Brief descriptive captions
++++++
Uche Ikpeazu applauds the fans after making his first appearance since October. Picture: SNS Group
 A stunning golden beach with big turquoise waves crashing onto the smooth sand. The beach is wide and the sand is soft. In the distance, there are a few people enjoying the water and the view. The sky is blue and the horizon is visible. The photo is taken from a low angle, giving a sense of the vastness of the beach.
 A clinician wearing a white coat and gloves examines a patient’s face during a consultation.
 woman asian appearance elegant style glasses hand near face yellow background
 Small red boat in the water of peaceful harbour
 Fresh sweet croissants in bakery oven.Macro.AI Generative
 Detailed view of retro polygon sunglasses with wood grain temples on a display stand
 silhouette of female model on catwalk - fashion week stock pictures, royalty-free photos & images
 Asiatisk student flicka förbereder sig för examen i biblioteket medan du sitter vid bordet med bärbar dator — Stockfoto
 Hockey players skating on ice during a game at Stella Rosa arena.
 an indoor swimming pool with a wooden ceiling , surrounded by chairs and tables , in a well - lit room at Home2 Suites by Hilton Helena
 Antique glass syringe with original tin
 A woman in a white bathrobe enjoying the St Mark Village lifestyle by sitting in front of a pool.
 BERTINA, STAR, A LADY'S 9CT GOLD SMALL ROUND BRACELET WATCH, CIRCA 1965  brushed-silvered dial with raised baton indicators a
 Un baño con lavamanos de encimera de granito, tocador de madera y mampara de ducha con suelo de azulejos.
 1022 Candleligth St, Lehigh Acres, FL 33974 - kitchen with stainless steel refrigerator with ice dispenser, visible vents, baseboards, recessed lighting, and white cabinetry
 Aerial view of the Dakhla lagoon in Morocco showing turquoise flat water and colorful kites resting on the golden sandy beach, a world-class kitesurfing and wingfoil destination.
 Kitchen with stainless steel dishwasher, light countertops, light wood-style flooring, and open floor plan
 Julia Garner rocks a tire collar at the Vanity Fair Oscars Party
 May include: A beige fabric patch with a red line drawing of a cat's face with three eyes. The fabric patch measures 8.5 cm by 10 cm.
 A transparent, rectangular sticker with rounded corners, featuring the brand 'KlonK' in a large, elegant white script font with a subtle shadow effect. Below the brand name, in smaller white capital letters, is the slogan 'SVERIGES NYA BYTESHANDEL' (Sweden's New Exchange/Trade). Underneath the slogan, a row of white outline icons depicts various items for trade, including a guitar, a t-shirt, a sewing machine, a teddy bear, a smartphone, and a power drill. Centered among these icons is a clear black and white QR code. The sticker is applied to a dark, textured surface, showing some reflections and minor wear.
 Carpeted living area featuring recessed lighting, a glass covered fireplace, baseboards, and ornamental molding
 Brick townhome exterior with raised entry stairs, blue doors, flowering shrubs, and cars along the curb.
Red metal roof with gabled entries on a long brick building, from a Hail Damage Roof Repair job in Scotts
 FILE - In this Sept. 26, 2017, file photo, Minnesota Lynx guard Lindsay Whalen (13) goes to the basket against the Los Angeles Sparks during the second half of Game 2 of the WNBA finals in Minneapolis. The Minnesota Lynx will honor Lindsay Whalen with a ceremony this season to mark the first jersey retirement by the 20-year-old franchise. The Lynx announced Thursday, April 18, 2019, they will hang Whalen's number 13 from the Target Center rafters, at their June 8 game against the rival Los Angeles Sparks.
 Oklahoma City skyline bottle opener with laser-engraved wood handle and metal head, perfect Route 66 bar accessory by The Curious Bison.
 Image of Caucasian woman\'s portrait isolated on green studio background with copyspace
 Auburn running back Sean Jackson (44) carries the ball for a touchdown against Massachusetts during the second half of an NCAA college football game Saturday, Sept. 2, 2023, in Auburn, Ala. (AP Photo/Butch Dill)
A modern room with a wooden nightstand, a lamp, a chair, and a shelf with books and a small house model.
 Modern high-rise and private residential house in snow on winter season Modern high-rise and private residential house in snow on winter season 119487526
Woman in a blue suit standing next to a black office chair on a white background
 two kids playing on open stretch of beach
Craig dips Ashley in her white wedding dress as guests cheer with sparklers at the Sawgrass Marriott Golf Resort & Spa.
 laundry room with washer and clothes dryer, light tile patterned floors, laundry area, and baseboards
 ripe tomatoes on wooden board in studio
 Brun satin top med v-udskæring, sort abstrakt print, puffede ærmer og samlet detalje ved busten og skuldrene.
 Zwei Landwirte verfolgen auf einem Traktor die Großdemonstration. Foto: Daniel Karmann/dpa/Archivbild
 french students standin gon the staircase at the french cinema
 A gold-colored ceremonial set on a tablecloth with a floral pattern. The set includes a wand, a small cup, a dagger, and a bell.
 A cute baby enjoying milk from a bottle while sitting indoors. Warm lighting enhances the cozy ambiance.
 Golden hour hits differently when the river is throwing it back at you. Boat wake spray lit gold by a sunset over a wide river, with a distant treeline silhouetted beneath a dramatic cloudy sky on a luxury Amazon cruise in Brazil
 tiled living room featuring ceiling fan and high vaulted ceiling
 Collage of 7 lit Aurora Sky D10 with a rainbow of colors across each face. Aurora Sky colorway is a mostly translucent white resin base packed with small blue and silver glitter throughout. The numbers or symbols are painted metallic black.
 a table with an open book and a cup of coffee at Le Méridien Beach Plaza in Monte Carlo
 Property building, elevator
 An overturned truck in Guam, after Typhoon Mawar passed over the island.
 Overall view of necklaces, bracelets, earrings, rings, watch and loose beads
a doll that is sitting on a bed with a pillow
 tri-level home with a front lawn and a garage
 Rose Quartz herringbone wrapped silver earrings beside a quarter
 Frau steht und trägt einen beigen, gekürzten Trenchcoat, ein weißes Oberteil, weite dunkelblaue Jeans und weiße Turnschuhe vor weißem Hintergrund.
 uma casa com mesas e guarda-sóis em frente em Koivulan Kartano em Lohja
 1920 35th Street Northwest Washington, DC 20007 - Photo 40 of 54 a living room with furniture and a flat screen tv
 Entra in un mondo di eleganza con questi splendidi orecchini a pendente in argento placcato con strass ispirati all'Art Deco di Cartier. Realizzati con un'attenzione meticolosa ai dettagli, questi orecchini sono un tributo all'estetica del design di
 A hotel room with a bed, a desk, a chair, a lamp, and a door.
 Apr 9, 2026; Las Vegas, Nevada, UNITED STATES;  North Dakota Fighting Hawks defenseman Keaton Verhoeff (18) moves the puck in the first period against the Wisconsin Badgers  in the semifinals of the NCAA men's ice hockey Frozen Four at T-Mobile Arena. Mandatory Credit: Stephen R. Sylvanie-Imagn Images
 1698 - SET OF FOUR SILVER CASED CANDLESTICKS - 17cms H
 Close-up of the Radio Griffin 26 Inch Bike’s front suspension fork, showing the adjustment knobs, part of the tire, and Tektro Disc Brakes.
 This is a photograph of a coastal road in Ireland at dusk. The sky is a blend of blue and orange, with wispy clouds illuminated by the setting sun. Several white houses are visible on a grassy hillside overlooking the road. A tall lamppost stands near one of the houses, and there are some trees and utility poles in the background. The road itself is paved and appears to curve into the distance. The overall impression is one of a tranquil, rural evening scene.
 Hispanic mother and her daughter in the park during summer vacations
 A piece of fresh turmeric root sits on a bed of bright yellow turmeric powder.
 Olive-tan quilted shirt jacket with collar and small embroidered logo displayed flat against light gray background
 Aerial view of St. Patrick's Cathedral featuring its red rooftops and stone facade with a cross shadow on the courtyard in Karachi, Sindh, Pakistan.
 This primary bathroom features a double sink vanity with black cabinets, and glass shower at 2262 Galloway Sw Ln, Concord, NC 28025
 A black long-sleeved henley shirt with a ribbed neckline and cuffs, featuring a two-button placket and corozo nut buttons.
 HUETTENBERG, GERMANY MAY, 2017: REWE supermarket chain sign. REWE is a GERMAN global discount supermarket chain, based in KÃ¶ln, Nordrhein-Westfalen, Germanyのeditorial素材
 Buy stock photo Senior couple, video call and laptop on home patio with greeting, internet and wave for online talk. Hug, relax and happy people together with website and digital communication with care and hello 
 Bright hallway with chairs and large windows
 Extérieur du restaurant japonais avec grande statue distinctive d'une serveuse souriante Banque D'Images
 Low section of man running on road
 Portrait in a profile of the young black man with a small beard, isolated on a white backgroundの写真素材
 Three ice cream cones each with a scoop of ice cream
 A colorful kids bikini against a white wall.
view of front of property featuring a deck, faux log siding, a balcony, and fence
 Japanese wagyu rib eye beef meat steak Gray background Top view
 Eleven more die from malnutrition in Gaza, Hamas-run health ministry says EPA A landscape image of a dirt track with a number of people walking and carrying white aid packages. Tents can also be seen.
++++++
ACTIVITY => Take the lines from the first line of the records through the line holding "A clinician wearing", both included, and please reproduce them exactly with nothing added.

WRITTEN SOLUTION =>
Uche Ikpeazu applauds the fans after making his first appearance since October. Picture: SNS Group
 A stunning golden beach with big turquoise waves crashing onto the smooth sand. The beach is wide and the sand is soft. In the distance, there are a few people enjoying the water and the view. The sky is blue and the horizon is visible. The photo is taken from a low angle, giving a sense of the vastness of the beach.
 A clinician wearing a white coat and gloves examines a patient’s face during a consultation.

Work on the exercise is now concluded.